Qual o passo do animal dentro do seu habitat-poema?
Será o poema em branco tão branco como a neve? Se temos a avidez da neve que contém todo o entorno cabendo a imaginação, ali, uma espécie de catálogo das coisas a se depositarem na alvura. Dizem que o homem ao citadinar o inóspito, inventou a ironia, como forma de conectar, coisas, imagens que a priori não estão perto uma da outra, mas que por uma fraterna sintonia se ligam pelo som de pássaros que vão
voo da imaginação.
Um poema tem zonas que podem ser temperadas com apenas brisas que pontuam certas folhas, tremeluzindo-as, ou como zonas turbulentas que desfiguram cenários, regiões até podem botar o pé da página na margem oposta. Digo que vi um coelho que não preciso dizer a cor, saltitando com uma dança de movimentos da linguagem/sentido ao ler a poeta Kátia Borges em seu livro O Exercício da Distração, Editora Penalux. Vi certas orelhas ponti(agudas) a certos desvãos bem brancos onde uma suave ironia cria uma linha ou trilha de escape para tudo que aprisiona, o flerte vital da poesis.

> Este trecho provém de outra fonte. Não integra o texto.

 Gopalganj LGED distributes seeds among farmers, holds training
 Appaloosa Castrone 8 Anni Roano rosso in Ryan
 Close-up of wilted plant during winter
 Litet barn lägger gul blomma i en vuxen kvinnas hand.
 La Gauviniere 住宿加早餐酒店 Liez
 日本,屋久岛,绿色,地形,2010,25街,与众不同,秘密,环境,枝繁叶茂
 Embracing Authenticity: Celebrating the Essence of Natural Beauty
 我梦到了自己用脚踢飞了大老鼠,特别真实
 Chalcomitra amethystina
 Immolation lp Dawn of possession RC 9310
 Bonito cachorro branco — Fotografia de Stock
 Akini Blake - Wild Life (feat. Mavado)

Há suaves repetições de frases melódicas que tecem uma espécie de canção hospitaleira de aspecto não distanciado do narrador com sua viola/escrita – este instrumento que a poeta tira os solfejos e sacolejos de temas ora tão próximos ora exteriores à uma morada com paredes?

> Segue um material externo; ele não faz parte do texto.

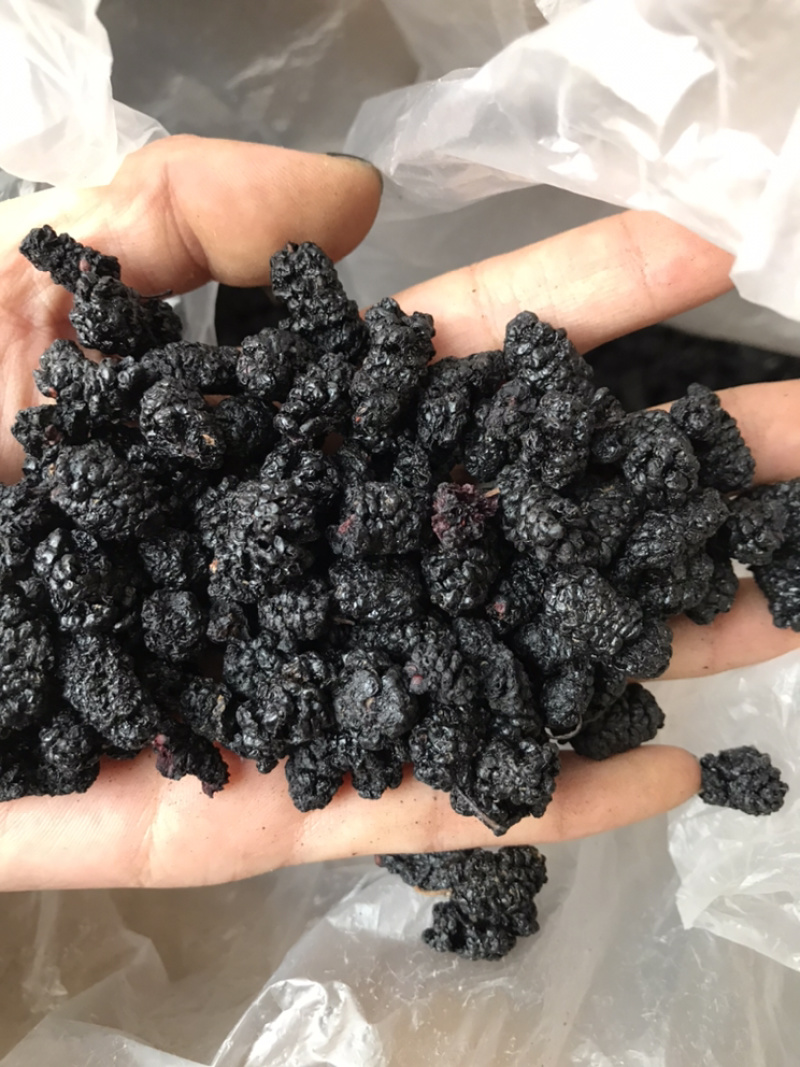 桑葚桑葚干保庆药业批发桑葚中药材实物拍摄各种规格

Tratar o corpo como esta morada que ao mesmo tempo exterioriza o fora como lugar do nome e do afeto, talvez pela forma carinhosa da sua escrita, a poeta venha poetizar como um certo Walser fazia com a valsa, o trote, a caminhada do movimento que sempre na literatura, deve ser isento de preocupação, daí sua distração. Mas mesmo na neve, há sutis camadas de pertencimento. Neste exercício de distração, não há com se perder na cromacidade ou ausência de cor. Pois dizem que no branco, cabe-se tudo?